In a Facebook post dated Feb. 4, Leblanc said he was fired from Gerrand Rath Johnson LLP. “without cause” on Jan. 29 and will be starting his own firm.
“Employers in Saskatchewan are able to terminate without cause and that’s what was done here,” LeBlanc said.
“I’m keen to focus on transitioning to my new law firm, LeBlanc Law, where I’ll be able to do the work I’m passionate about and the work I went to law school to do.”
Gerrand Rath Johnson LLP confirmed to Global News LeBlanc no longer works there.
“The circumstances of his departure are confidential, every employee has the right to confidentiality regarding their employment, and we respect that.”
LeBlanc sparked controversy when he brought forward a motion that would prevent businesses who sell or produce fossil fuel products from advertising or sponsoring with the City of Regina at Jan. 20’s executive committee meeting.
He withdrew the motion at council meeting on Jan. 27 with the support of his fellow councillors.
Saskatchewan Premier Scott Moe called the proposed motion “absurd” in a tweet which LeBlanc said “escalated” the situation.
“There are two important points about why I think that was inappropriate. One, is it was essentially a draft motion. At that point, it had been at the executive committee becoming a recommendation to city council. It wasn’t final,” Leblanc said.
“The second more important one, I think, is that it’s well within the city’s wheelhouse to make that sort of decision. We were elected to make those decisions and ought to be able to do that.”
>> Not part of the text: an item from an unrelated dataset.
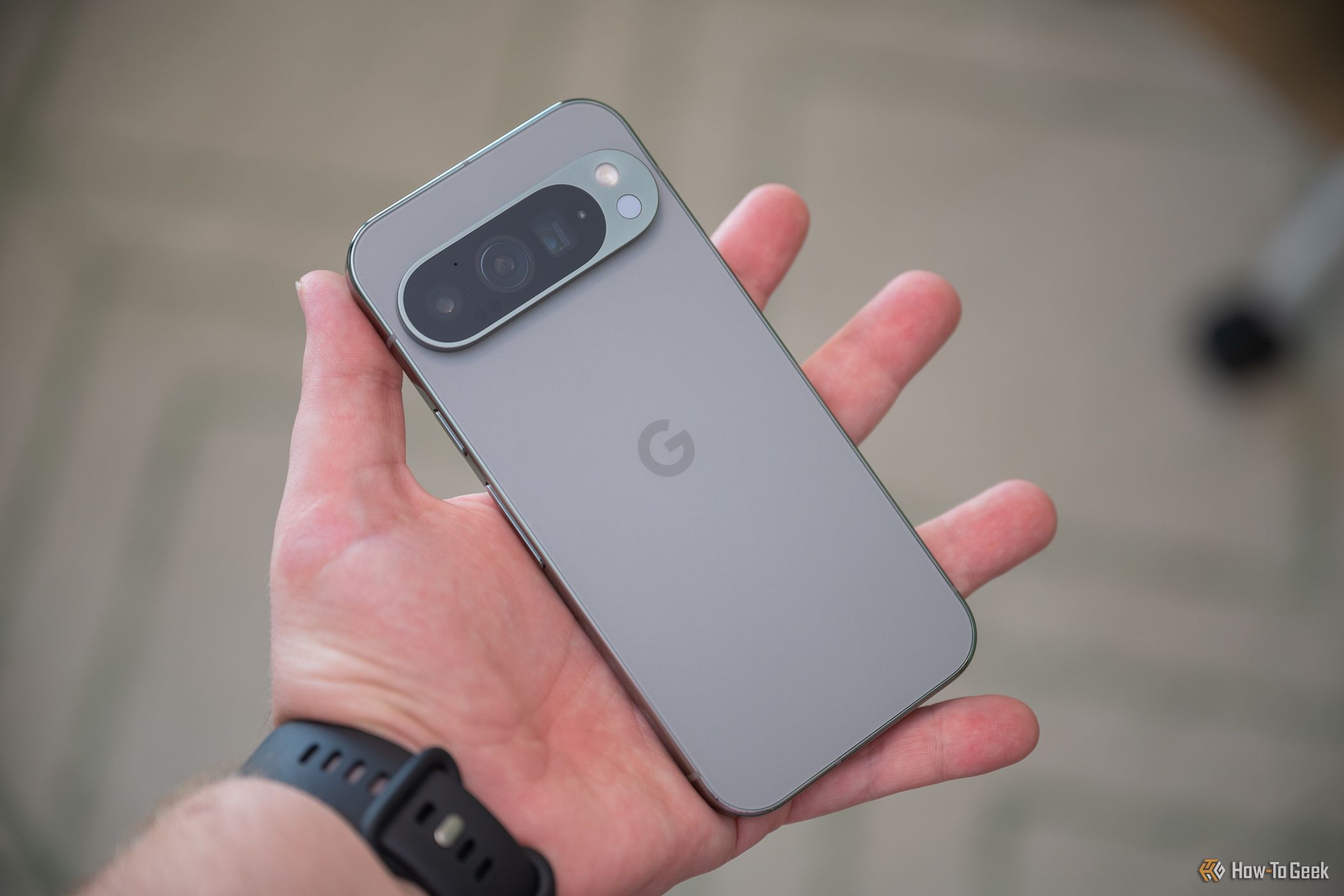 Google Pixel 9 Pro sitting in a person's palm-1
LeBlanc said he has been dealing with tons of backlash ever since.
“The majority of the backlash was sort of coordinated by organized lobbyist groups. So, I would talk about the Canadian Association of Petroleum Producers, the Regina Chamber of Commerce. Groups like that organized people to contact us,” LeBlanc said.
“While some of that communication was respectful, a good portion of it involved sort of personal attacks and beyond personal attacks, some attempts to leverage influence over us.”
He said he was told to resign and even received threats against his family.
“I am confident that I was elected to do certain things, including taking bold action on climate change,” LeBlanc said.
“I promise people I do that and they put me in the position to fulfill those promises and now it’s up to me to do the best I can.”